Class: AppMath::Iv

Inherits:

Object

• Object
• AppMath::Iv

Defined in:

lib/interval.rb

Overview

Class of real closed intervals. In most applications of intervals it is an advantage if single real values can be considered as intervals of length zero. This is possible only for closed intervals, and this is the rational for defining those in preference to open intervals. With the attributes @low and @upp, the values x which belong to interval are characterized by the formula

@low <= x <= @upp .

Hence the interval is empty (void) iff @low > @upp.

Instance Attribute Summary

• #low ⇒ Object readonly

  Returns the value of attribute low.

• #upp ⇒ Object readonly

  Returns the value of attribute upp.

Class Method Summary

• .from_array(anArray) ⇒ Object

  using max and min of an array for defining an interval.

Instance Method Summary

• #&(anIv) ⇒ Object

  section, intersection meet or g.l.b (greatest lower bound) in lattice terminology.

• #*(a) ⇒ Object

  multiplying size by a, while preserving the center.

• #+(a) ⇒ Object

  shifting by a.

• #axis_division(anPosInteger) ⇒ Object

  The function creates a suitable axis sub-division for data ranging from @low to @upp.

• #center ⇒ Object

  Returns the midpoint of the interval.

• #empty? ⇒ Boolean

  Returns true iff the interval is empty.

• #ind(x) ⇒ Object

  Indicator function.

• #inf ⇒ Object

  Returns the lower boundary if self is not empty and nil else.

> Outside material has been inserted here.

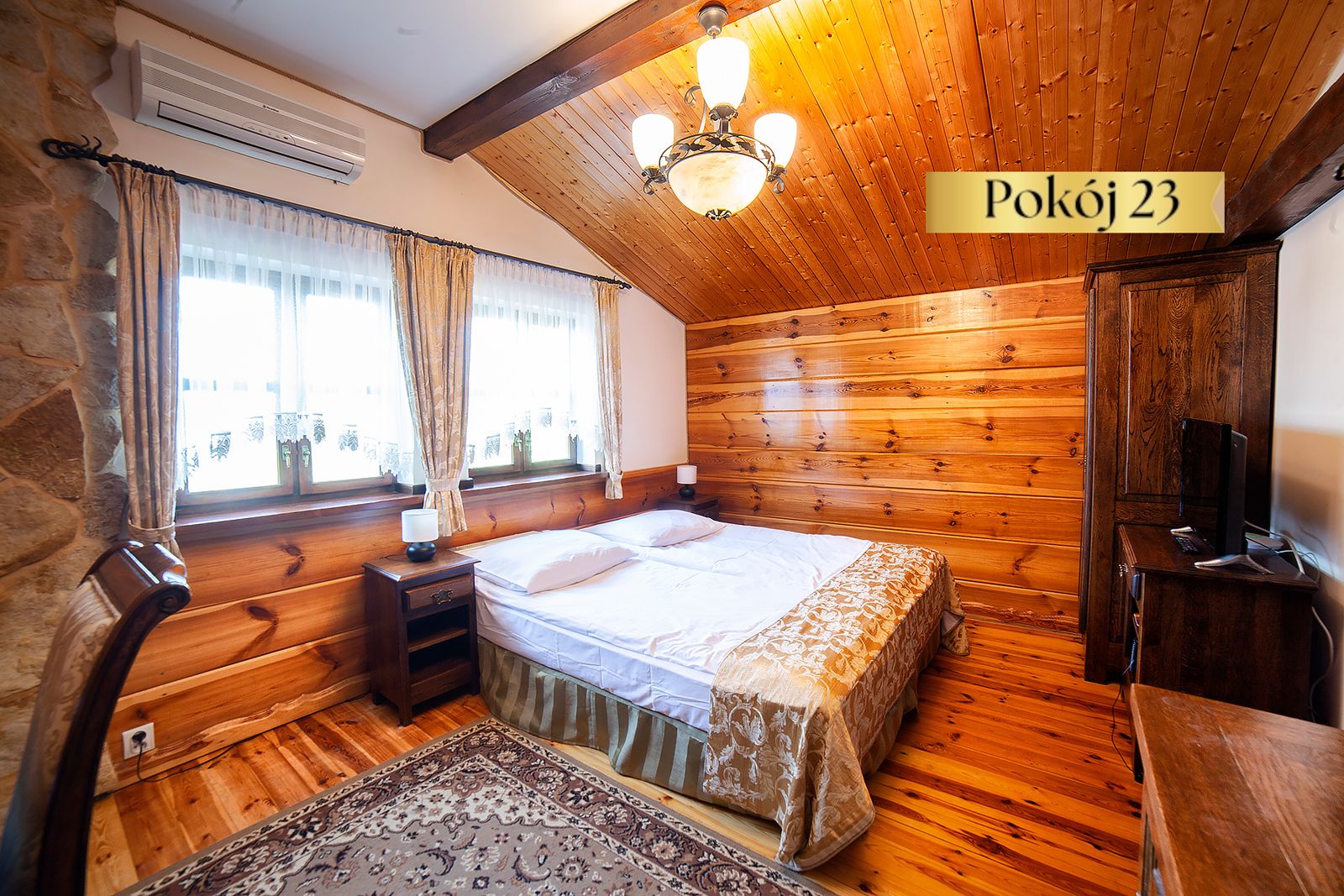 Pokój Standard nr 23 – podwójne łóżko, drewniana boazeria i dywan na podłodze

• #initialize(*arg) ⇒ Iv constructor

  Allowed are 0, 1, 2 arguments, which all have to be convertible to R.

• #met_ind(x) ⇒ Object

  Metrical indicator function.

• #put(p) ⇒ Object

  Returns a real number, which is self’s lower end for p == 0.0, self’s center for p == 0.5, and self’s upper end for p == 1.0 .

• #size ⇒ Object

  Returns the length of the interval, 0 for the empty one.

• #sup ⇒ Object

  Returns the upper boundary if self is not empty and nil else.

• #to_array(a) ⇒ Object

  Returns an ordered equidistant array of n numbers, where the first one is @low and the last one is @upp.

• #to_s ⇒ Object
• #|(anIv) ⇒ Object

  minimum closed interval that contains the union join or l.u.b.

Constructor Details

#initialize(*arg) ⇒ Iv

Allowed are 0, 1, 2 arguments, which all have to be convertible to R. For no argument the empty interval is created. For one argument, an second argument 0 is understood. For two arguments, these are the boundaries of the interval and the order on input does not matter:

iv1 = Iv.new(2,3); iv2 = Iv.new(3,2)

are thus the same, non-empty, interval, which in mathematical notation would be

[2,3]

Finally

iv3 = Iv.new

is an empty interval.

# File 'lib/interval.rb', line 60

def initialize(*arg)
  n = arg.size
  case n
  when 0
    @low = R.c1
    @upp = R.c0 # notice: epmpty since @low > @upp
  when 1
    x = R.c arg[0] 
    zero = R.c0
    if x < zero
      @low = x
      @upp = zero
    else
      @upp = x
      @low = zero
    end
  when 2
    x = R.c arg[0]
    y = R.c arg[1]
    if x < y
      @low = x
      @upp = y
    else
      @low = y 
      @upp = x
    end
  else
      fail "Iv.new takes 0 or 1 or 2 arguments, but not " + n.to_s
  end # case n
end

Instance Attribute Details

#low ⇒ Object (readonly)

Returns the value of attribute low.

# File 'lib/interval.rb', line 47

def low
  @low
end

#upp ⇒ Object (readonly)

Returns the value of attribute upp.

# File 'lib/interval.rb', line 47

def upp
  @upp
end

Class Method Details

.from_array(anArray) ⇒ Object

using max and min of an array for defining an interval.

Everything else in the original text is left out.